The "Swede" Millers, so-called because they were of Swedish descent while my Millers were Scots-Irish, are buried in the far northwest corner of the cemetery; and the almighty Johnstons, now sadly diminished, have their own little hill to the northeast.

The big old Johnston family home, second place south of the cemetery and last occupied during the span of my memory by Johnston Prior and his mother, still is hanging on. I usually stop by Johnston's (aka Charles's) grave to see if anyone else remembers him these days. No one seems to. This snowflake-ish detail, which seems to me fairly unique, is from one of the oldest Johnston tombstones.


At Oxford, as at most cemeteries across southern Iowa and elsewhere, small U.S. flags marked the graves of all veterans. This is a fairly amazing effort, when you think about it, involving teams of volunteers who map their strategy then set out in the days before Memorial Day to place the flags, then return in the days after to collect them. Since Oxford is near Chariton, a few Chariton Volunteer Fire Department flags were scattered, too. That department still tends the graves of all its former members --- back to the beginning.

The mission, mentioned at the start here, involved a young man named Matt Moul, who lives in California. Had World War II-related circumstances been different, his surname would have been Bingaman. Matt had happened upon this blog on Sunday and e-mailed.
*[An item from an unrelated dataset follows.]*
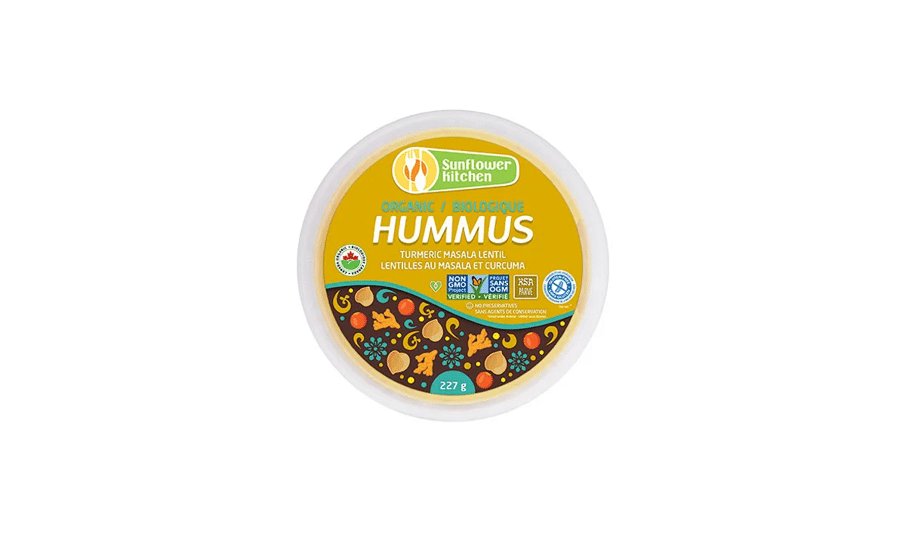 Sunflower Kitchen Certified Organic Turmeric Masala Lentil Hummus 227G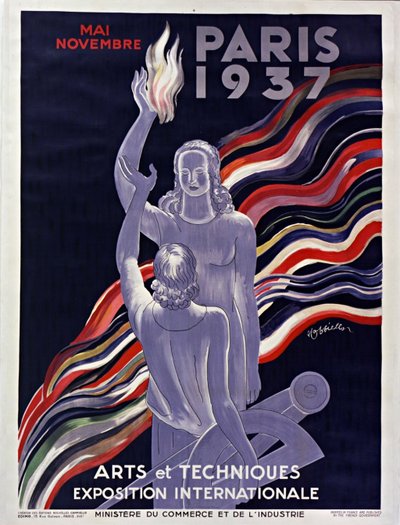 Cartaz da Exposição Internacional de 1937 em Paris, 1937. de Leonetto Cappiello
Matt's grandfather was Mark D. Bingaman (above), son of Robert and Elsie, husband of Marcella, and father of Robert Lee, not yet a year old when Mark died on March 19, 1945, aboard the U.S.S. Franklin near the Japanese mainland when it was struck by two armor-piercing bombs dropped by a single Japanese bomber. Although the ship survived, barely, 836 members of its crew were killed. Mark, with the others, was buried at sea.

In the years that followed, Matt's grandmother remarried and Robert Lee was adopted, assuming the surname "Moul." And a memorial stone for Mark was placed here at Oxford alongside the graves of his parents.

Early Monday, I was able to find among papers related to Mark at the museum a moving letter to his mother from a former commanding officer, scan it and send the copy off to California; then drive out to Oxford to photograph Mark's memorial stone. And that was an absolutely amazing way to spend a little time on Memorial Day.